HDSarah wrote:My pet peeve (ok, one of many!
) is the transformation of nouns into verbs. I was recently at a meeting where the leader kept saying ''We've been TASKED with . . .'' That one really grates on me for some reason.
You'll want to stay away from the Chinese languages, then.
The verbification (I don't dare say "verbing") of nouns is pretty common in English, too, though.
Would you never chair a meeting, table a discussion, fish for your supper, host a party, sandpaper a board, knife a friend in the back, ax a suggestion, dog an enemy, cat around town, worm your way out of a tight spot, vacuum a rug, string popcorn, paper a room, tile a floor, bomb a bunker, ship a package, cart firewood, truck vegetables to market, water a plant, number someone among your friends, finger a squealer, hand someone a napkin, eye a cutie pie, head a group, arm your forces, elbow (or shoulder, or nose) someone aside, book a suspect, tower over a child, lord it over a subordinate, shoe a horse, flour a countertop, light a lamp, gun down a rival, tongue a trumpet, trumpet your name to a crowd, fiddle while Rome burns, needle an opponent, cement a driveway, tar a road, score an opera, frost a cake, sugar your coffee, milk a cow, telephone a friend, poison an enemy, radio for help, skin a deer, ski down a mountain, circle the block, hammer a nail, or nail a board?

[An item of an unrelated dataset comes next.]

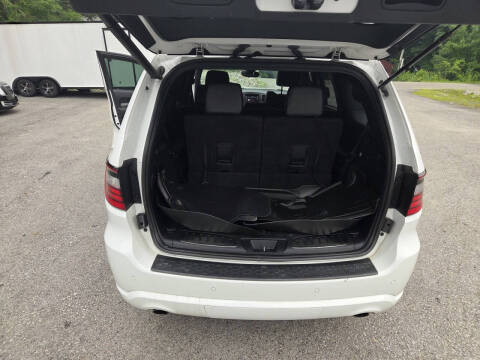 2019 Dodge Durango R/T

What's funny about "task" is that it derives from the Medieval Latin verb
taxare, "to tax", so it's actually a noun that is derived from a verb.
Its use to mean "to assign a task to" appears in my 1969
Random House Dictionary of the English Language, so it's not exactly new. This is not to say that the sample you quoted is not obnoxious bureaucratese, just that it's perfectly good English.
(That list was hard to come up with, although any English dictionary will show thousands of words that are both verbs and nouns. My
American Heritage seems to show many more nouns derived from verbs than the other way around.)